◆ **Your task**: Drop all pictures and repeat exactly the lines from the line holding "Newborn Photography" through the end of the records.

◆ **Records for the task**:
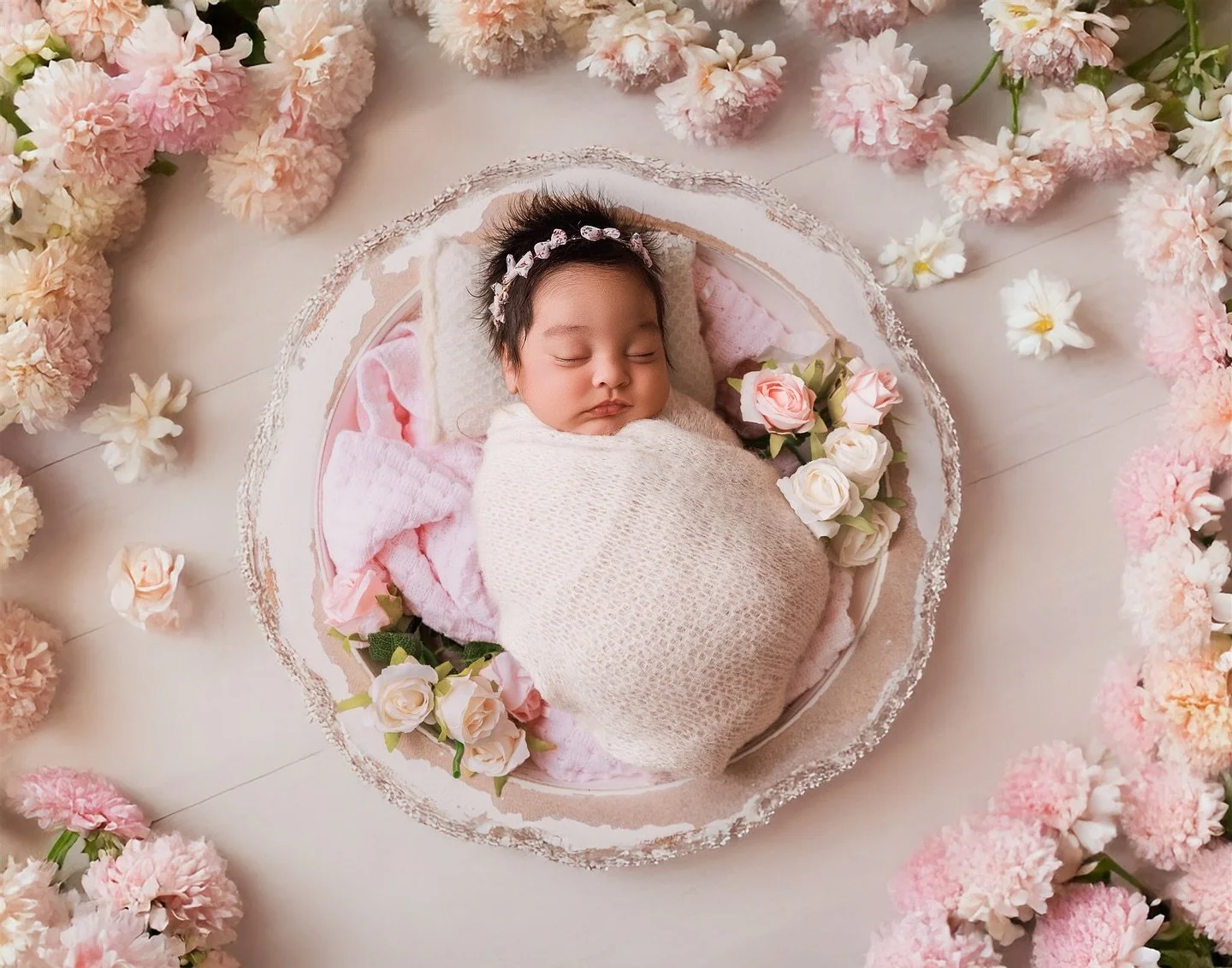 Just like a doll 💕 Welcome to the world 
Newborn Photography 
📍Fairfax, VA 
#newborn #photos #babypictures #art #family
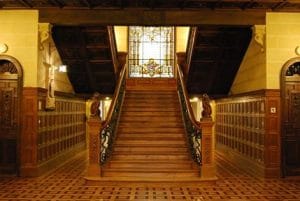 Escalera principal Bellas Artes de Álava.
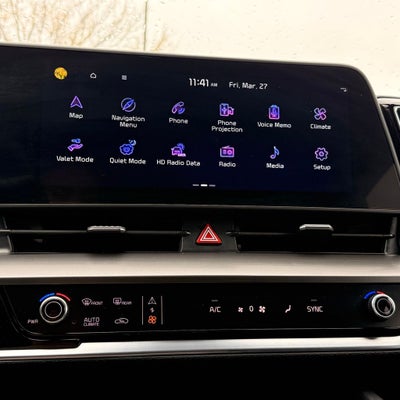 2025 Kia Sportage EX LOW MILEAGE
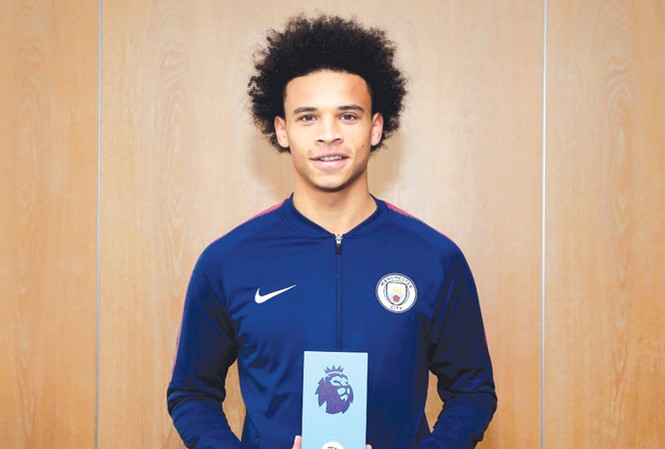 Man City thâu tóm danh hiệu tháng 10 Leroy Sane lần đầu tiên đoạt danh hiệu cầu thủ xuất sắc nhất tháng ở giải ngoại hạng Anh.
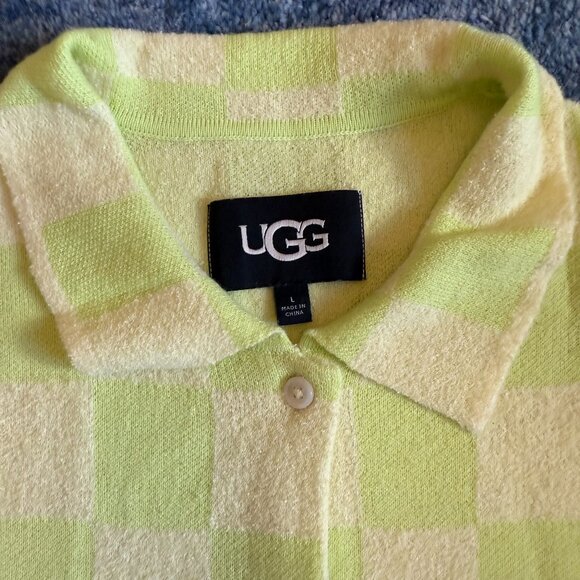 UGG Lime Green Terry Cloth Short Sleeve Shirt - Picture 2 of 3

◆ **Exercise response**:
Newborn Photography 
📍Fairfax, VA 
#newborn #photos #babypictures #art #family
 Escalera principal Bellas Artes de Álava.
 2025 Kia Sportage EX LOW MILEAGE
 Man City thâu tóm danh hiệu tháng 10 Leroy Sane lần đầu tiên đoạt danh hiệu cầu thủ xuất sắc nhất tháng ở giải ngoại hạng Anh.
 UGG Lime Green Terry Cloth Short Sleeve Shirt - Picture 2 of 3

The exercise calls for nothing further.